Jessie’s unpainted lips moved suspiciously, as if working to suppress a grin.

“So,” he said, a bit more severely than necessary, “you’re planning to stay in the area until mid-August?”

“Yes. I’ve been invited to try out for a game show in Japan. I participated in it last year and didn’t do as well as I would have liked. There were extenuating circumstances but that doesn’t mean a lot in the end. I lost. I don’t intend to lose this year. That’s where the training comes in.”

“What kind of training?”

“A lot of running to build up my endurance. Balance work. Wind sprints. Weights, if I can find them. I figure there must a gym in the area, right? If not, I can make do. I’m adaptable.”

“The nearest one is probably twenty miles away. Do you need any special equipment besides weights?”

“No. Not really. I always carry a couple of mats with me.” She did a half-squat, drawing his attention to her legs and derriere. Her legs were shapely, the muscles well-defined by skintight black pants. “Jumps are a big part of Parkour. I try to lower the impact on my knees whenever possible.”

His gaze traveled up to her face, but not quite as quickly as it probably should have. She was everything an athlete should be: trim, compact, coiled energy in repose. Just like Faith.

She spoke, drawing him back to the present. “Hey, listen, if you don’t want to do this, I understand. I would have told you about my sister, but, honestly, I had no idea she was thinking about staying. Apparently, she lost her job, and, well, our mother passed away last fall.

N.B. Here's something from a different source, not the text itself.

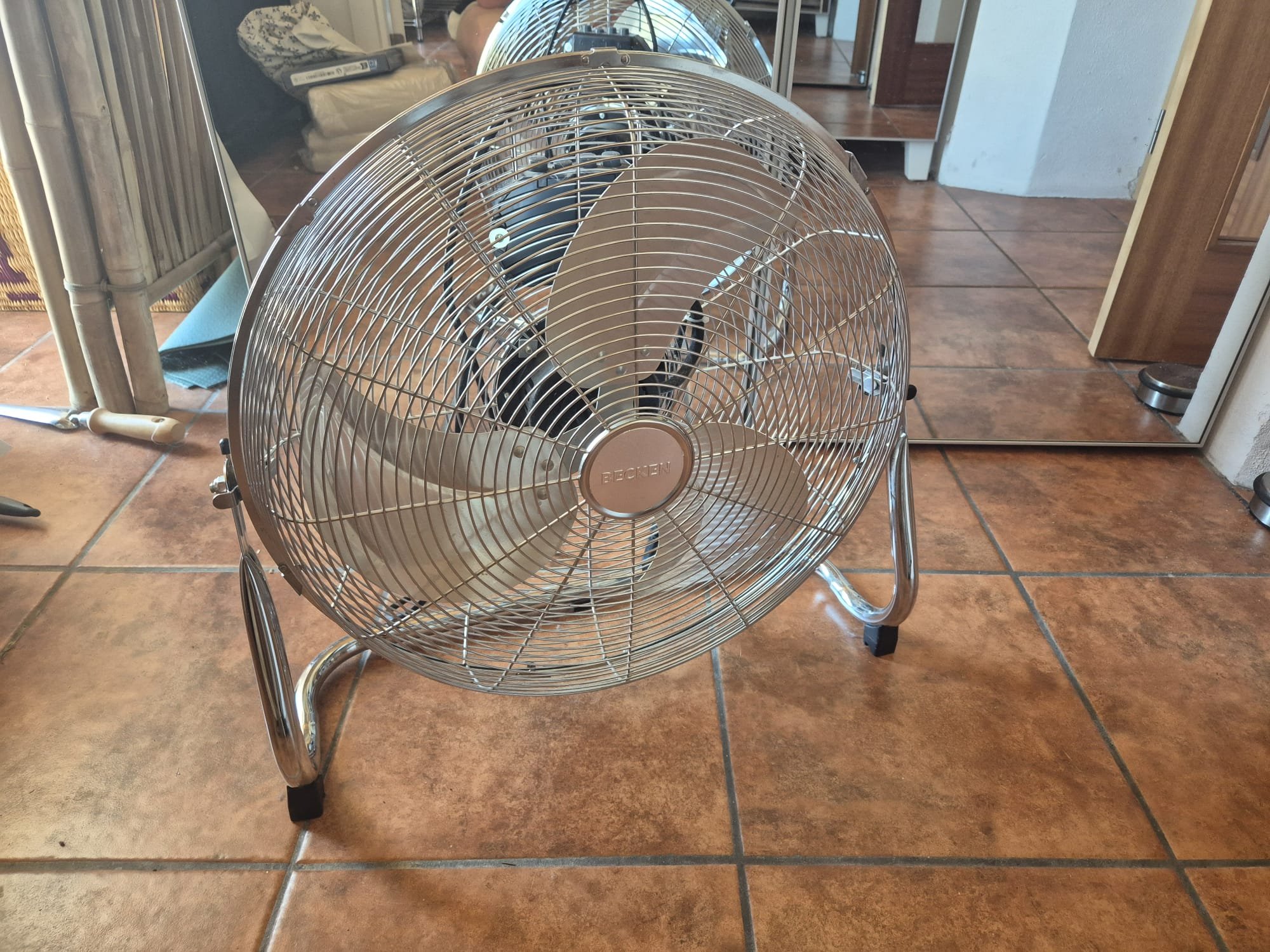 BECKEN Industrial Metal Floor Fan / Air Circulator (Chrome finish, ~40–45 cm diameter)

I think Remy’s been feeling a bit lost lately.”

“There’s a lot of that going around,” he said, recalling the argument he’d had with his dad a week earlier.

“I didn’t see this coming when I asked you to move back, son,” his father had said. “People die. You don’t know when and you sure as hell don’t know in advance how that death is going to make you feel.”

Dealing with loss was one thing Cade did understand.

Despite his misgivings about Jessie’s career, Cade was tempted to accept her and her sister as tenants, if only to cross one problem off his list. There were still a dozen more he needed to handle.

“Let’s be clear. Shiloh rides the bus, but if she misses it for some reason or needs to come home early, I’d expect you to go after her. Is that a problem?”

“No. Have a cell phone. And, contrary to what some people believe, I
can
drive a car without rolling it.”

Her dry humor made him smile. He looked in her eyes and saw a genuine person. His gut said he could trust her not to do something stupid. Of course, his gut had been wrong in the past. Dead wrong.

“Hey, Dad, look at me.”

He looked around, shocked to discover his daughter wasn’t standing a few feet away from him.

“This is so cool,” she hollered, adding a little squeal of delight as she continued her climb up the tower that had been erected in the middle of the street. Yellow caution tape fluttered in the light breeze. Tape she’d obviously ignored.

“Shit,” he swore, and took off running.

Even fueled by pure adrenaline, he was quickly passed by Jessie, who somehow levered herself from the ground to a spot parallel with Shiloh before Cade even reached the bottom of the tower.

“Hey, Shiloh. You need to stop. Right now.”

Shiloh reached for another knob an arm’s length above her head. “Why? This is fun.”

Don’t tell her it’s dangerous. That’ll only make her keep going.
He’d learned that the hard way six months earlier.

“It’s also extremely uncool to climb without the right gear. The friction tape on these holds is killer on bare feet. You might not notice that going up—adrenaline does that, but believe me, you will when you start down. It’s going to sting like hell.”

Shiloh froze. “Really?”

Jessie moved horizontally several pegs. She could have been standing on solid ground, she seemed so at ease. “Really. Plus, you might not know this, but it’s against the law for a child under the age of eighteen to climb one of these without protective gear. Your dad can get in trouble for this.”

Shiloh looked down. “Nuh-uh.”

“Oh, yeah. Big fine. They call it child endangerment. He could go to jail.”

“Jail?” Shiloh looked over her shoulder and momentarily lost her balance. One foot slipped out from under her, but, luckily, Jessie was there to stabilize her.

“Grab the purple knob with your left hand and hold on tight until the dizziness passes,” she ordered, her tone calm and reassuring.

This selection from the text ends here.